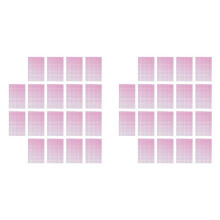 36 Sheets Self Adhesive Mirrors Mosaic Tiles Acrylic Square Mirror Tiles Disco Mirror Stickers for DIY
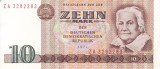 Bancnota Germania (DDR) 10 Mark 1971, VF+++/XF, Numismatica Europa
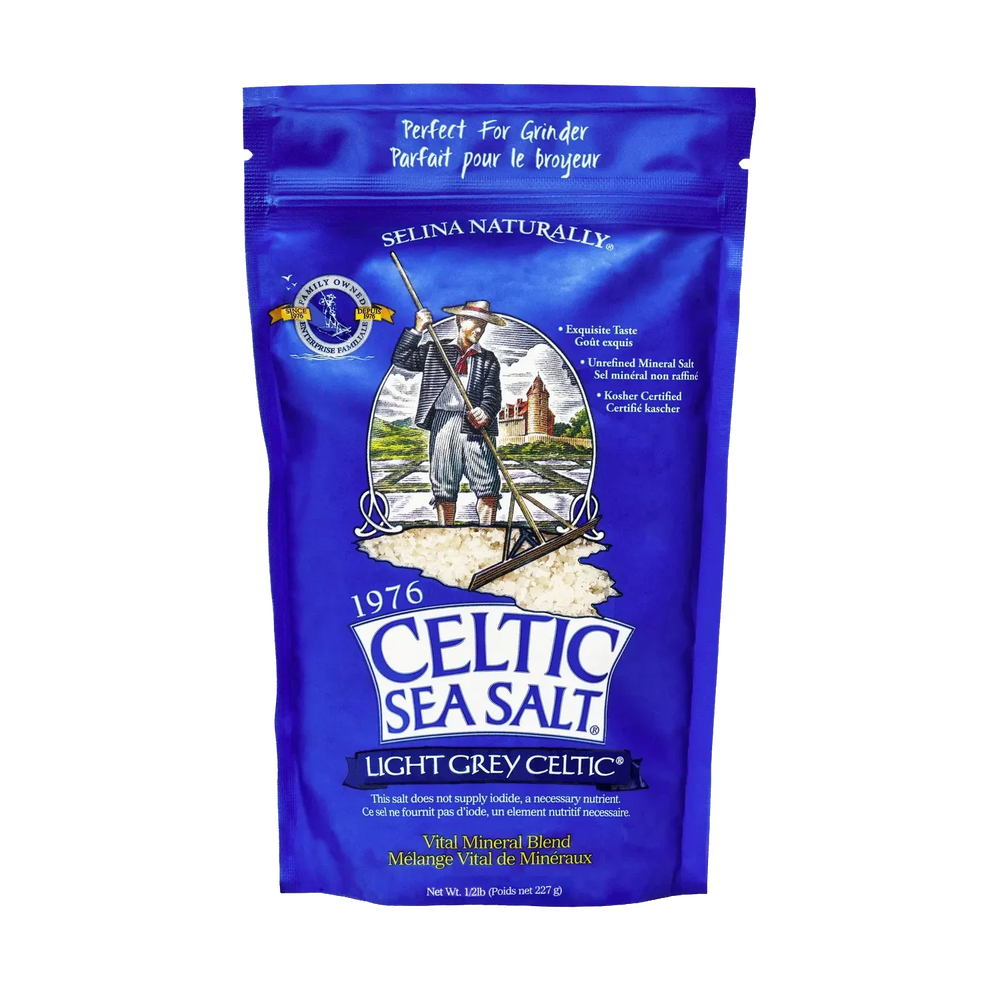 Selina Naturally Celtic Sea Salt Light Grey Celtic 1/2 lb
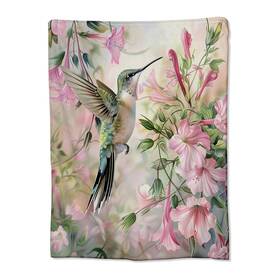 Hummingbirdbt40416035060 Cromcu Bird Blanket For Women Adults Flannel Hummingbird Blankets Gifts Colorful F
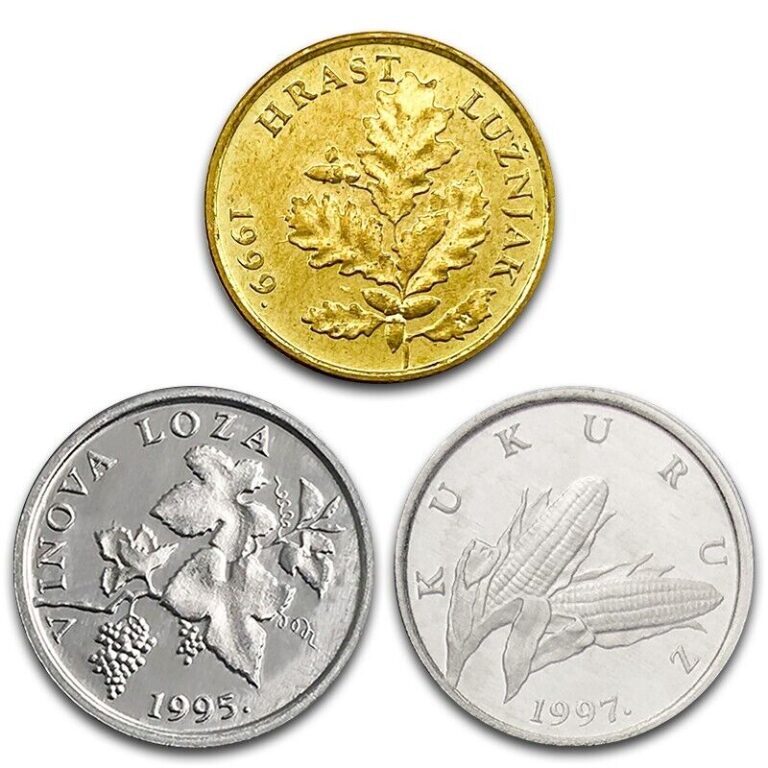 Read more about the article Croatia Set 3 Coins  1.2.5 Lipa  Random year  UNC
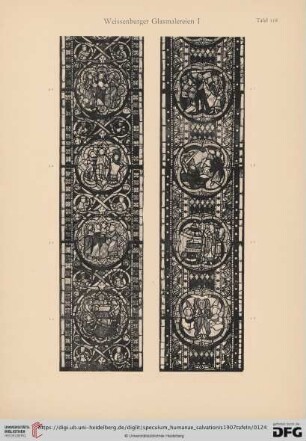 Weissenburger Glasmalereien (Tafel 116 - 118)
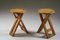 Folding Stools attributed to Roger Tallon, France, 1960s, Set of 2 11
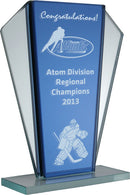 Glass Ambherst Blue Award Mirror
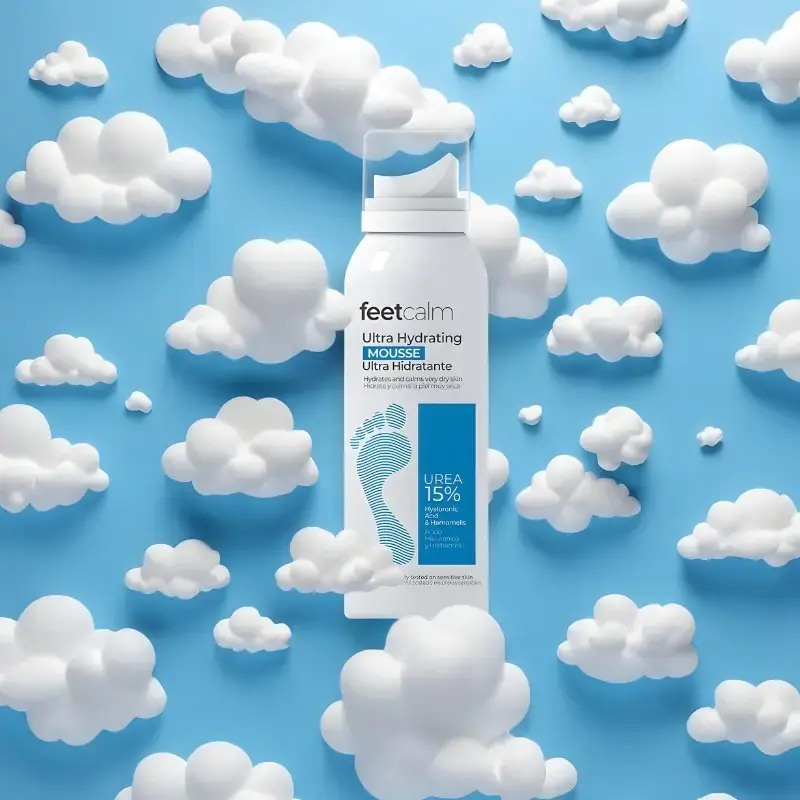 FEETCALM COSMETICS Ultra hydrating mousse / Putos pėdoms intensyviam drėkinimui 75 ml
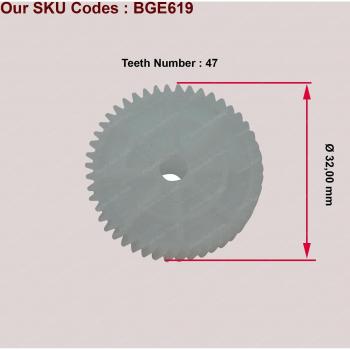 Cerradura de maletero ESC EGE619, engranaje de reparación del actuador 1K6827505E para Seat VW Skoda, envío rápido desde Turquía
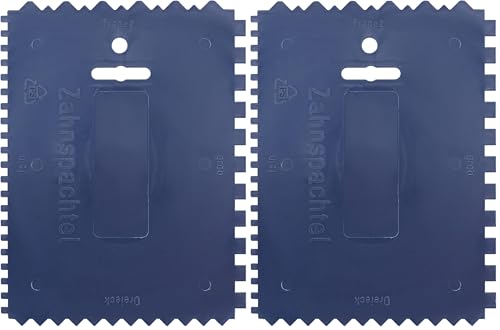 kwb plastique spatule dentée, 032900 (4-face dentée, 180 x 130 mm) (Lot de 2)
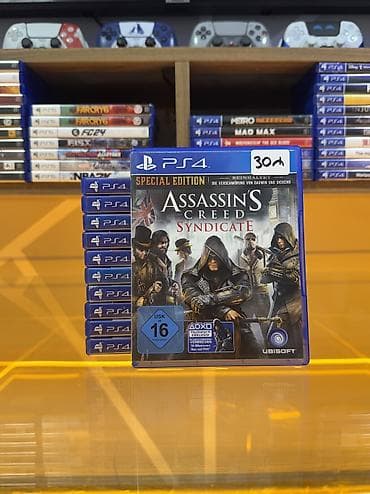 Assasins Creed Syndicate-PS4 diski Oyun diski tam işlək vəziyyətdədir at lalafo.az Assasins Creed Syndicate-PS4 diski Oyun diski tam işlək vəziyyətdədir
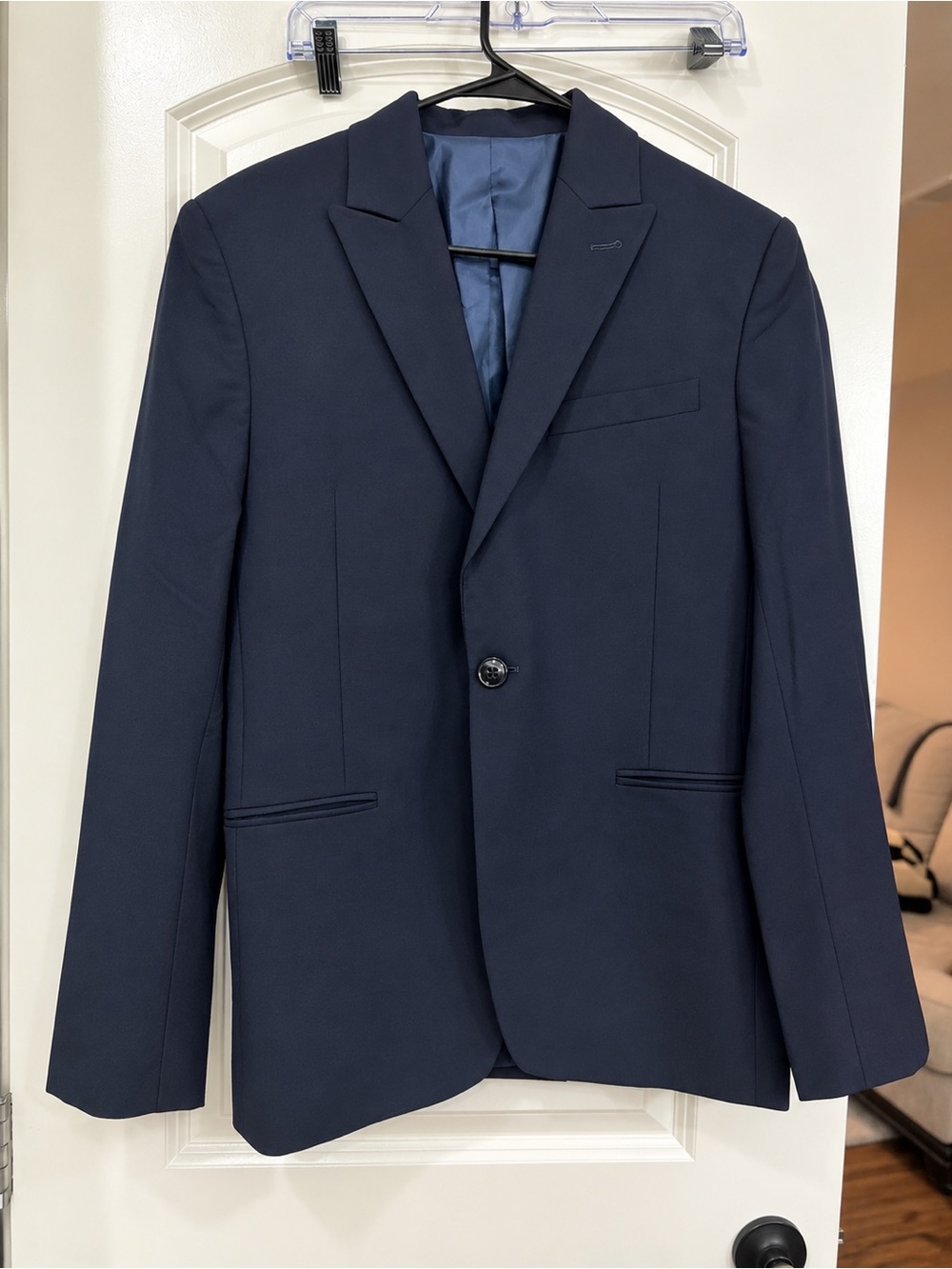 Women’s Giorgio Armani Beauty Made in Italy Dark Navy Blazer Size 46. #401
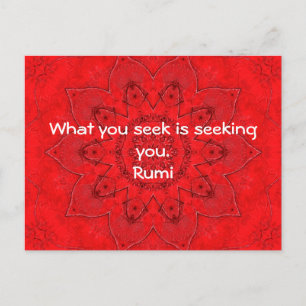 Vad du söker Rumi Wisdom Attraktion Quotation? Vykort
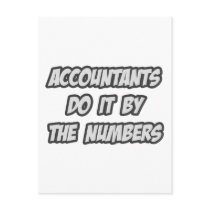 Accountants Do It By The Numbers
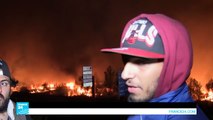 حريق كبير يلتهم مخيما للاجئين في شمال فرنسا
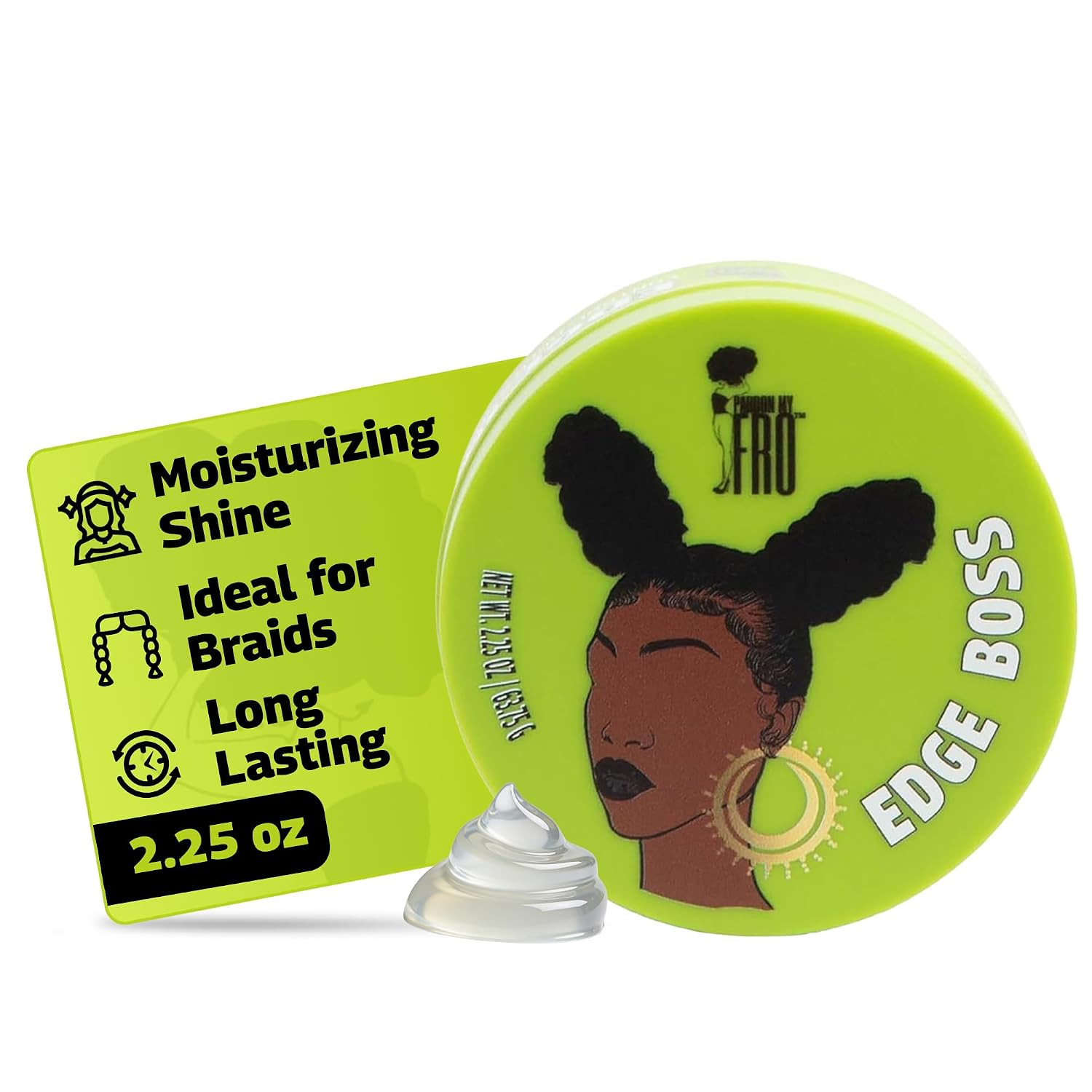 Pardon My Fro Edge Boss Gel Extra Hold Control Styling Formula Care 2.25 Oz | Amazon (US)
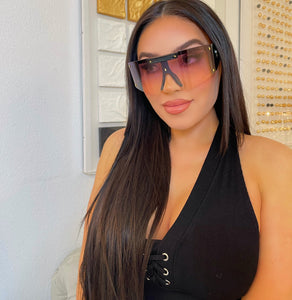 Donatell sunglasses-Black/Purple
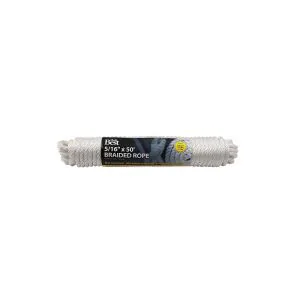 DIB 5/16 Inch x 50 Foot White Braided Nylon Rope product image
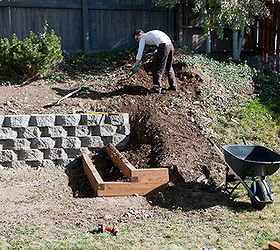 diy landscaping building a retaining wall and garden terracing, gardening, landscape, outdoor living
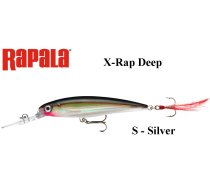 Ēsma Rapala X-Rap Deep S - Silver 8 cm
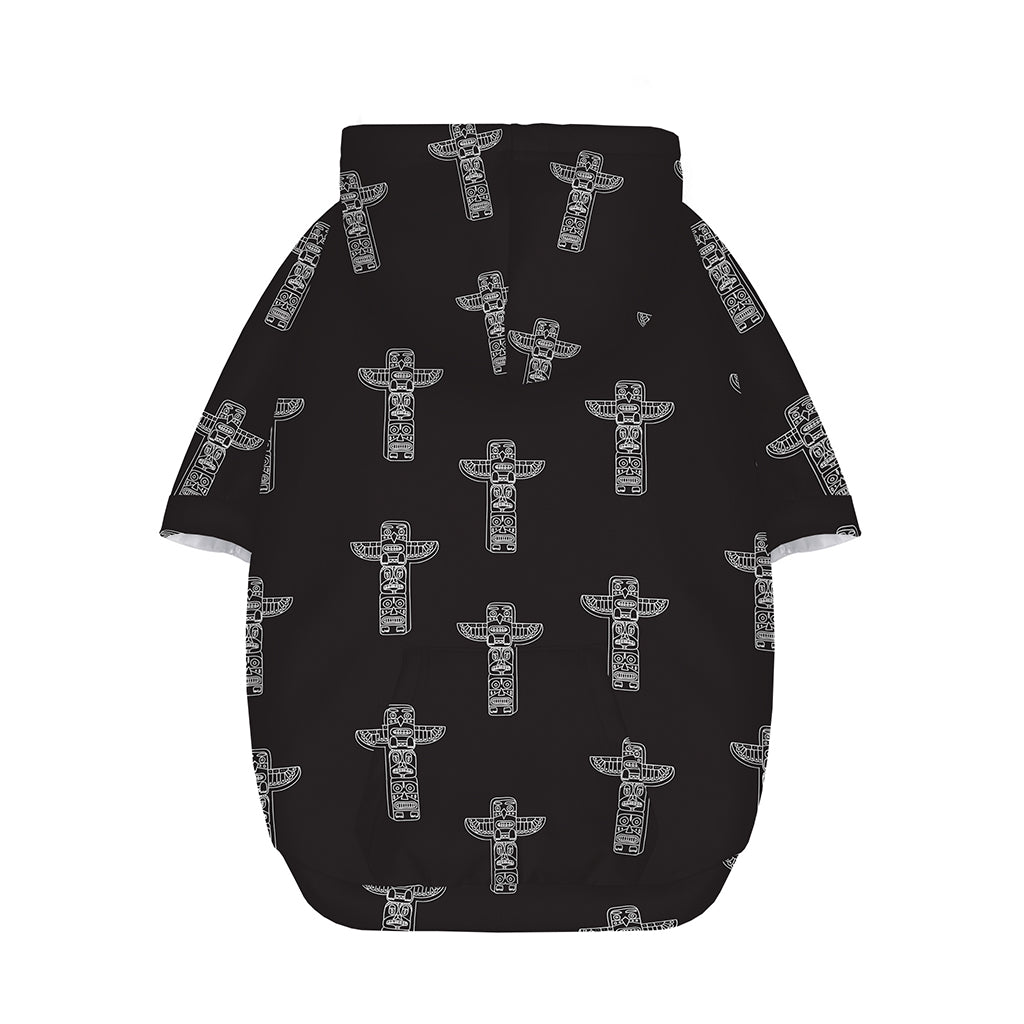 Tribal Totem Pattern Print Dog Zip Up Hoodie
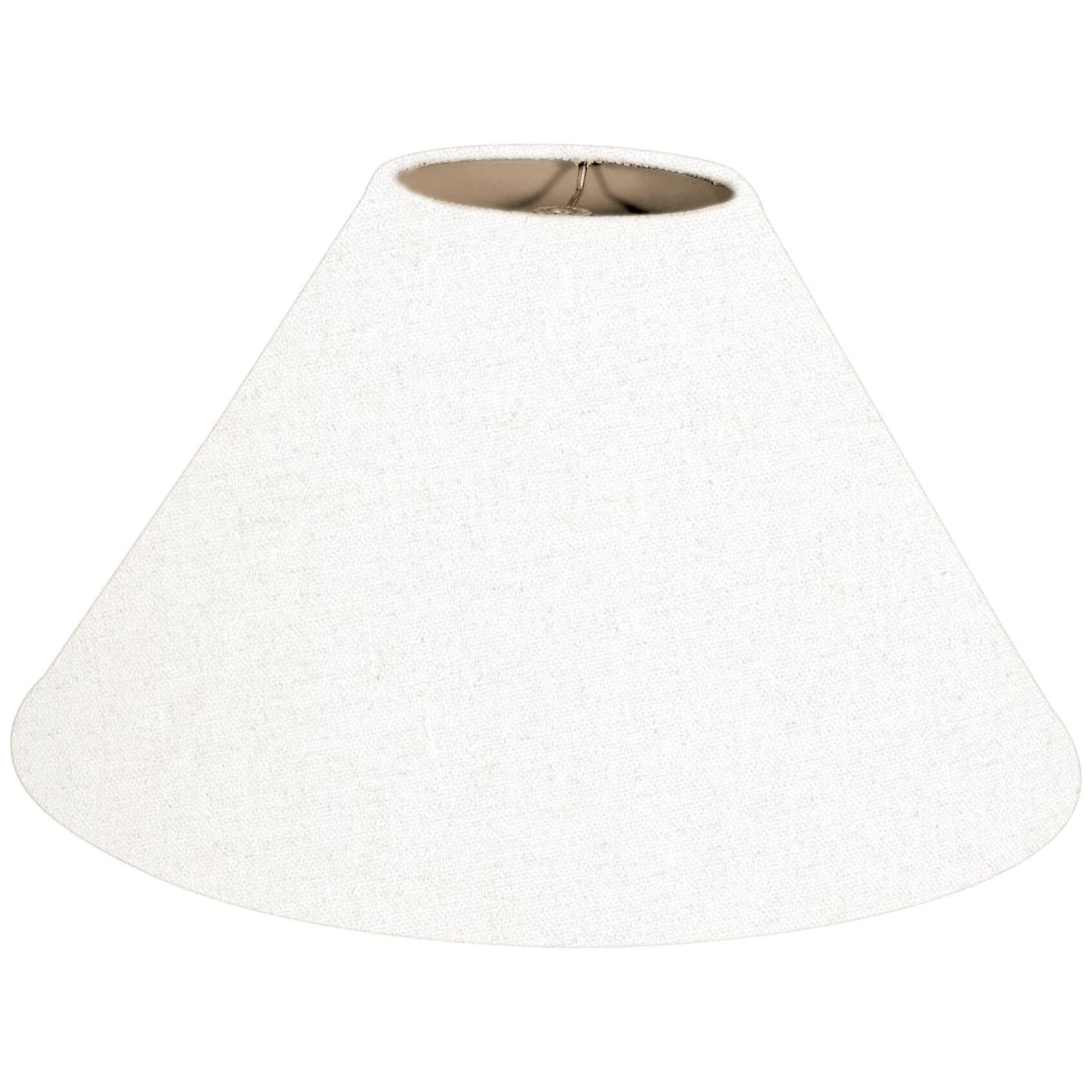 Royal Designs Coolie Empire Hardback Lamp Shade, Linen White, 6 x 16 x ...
----
# ABOUT THIS TASK:
Return exactly the lines of the data, beginning with the first and ending with the line containing "kwb plastique spatule". Skip the pictures.

# EXPECTED ANSWER:
 36 Sheets Self Adhesive Mirrors Mosaic Tiles Acrylic Square Mirror Tiles Disco Mirror Stickers for DIY
 Bancnota Germania (DDR) 10 Mark 1971, VF+++/XF, Numismatica Europa
 Selina Naturally Celtic Sea Salt Light Grey Celtic 1/2 lb
 Hummingbirdbt40416035060 Cromcu Bird Blanket For Women Adults Flannel Hummingbird Blankets Gifts Colorful F
 Read more about the article Croatia Set 3 Coins  1.2.5 Lipa  Random year  UNC
 Weissenburger Glasmalereien (Tafel 116 - 118)
 Folding Stools attributed to Roger Tallon, France, 1960s, Set of 2 11
 Glass Ambherst Blue Award Mirror
 FEETCALM COSMETICS Ultra hydrating mousse / Putos pėdoms intensyviam drėkinimui 75 ml
 Cerradura de maletero ESC EGE619, engranaje de reparación del actuador 1K6827505E para Seat VW Skoda, envío rápido desde Turquía
 kwb plastique spatule dentée, 032900 (4-face dentée, 180 x 130 mm) (Lot de 2)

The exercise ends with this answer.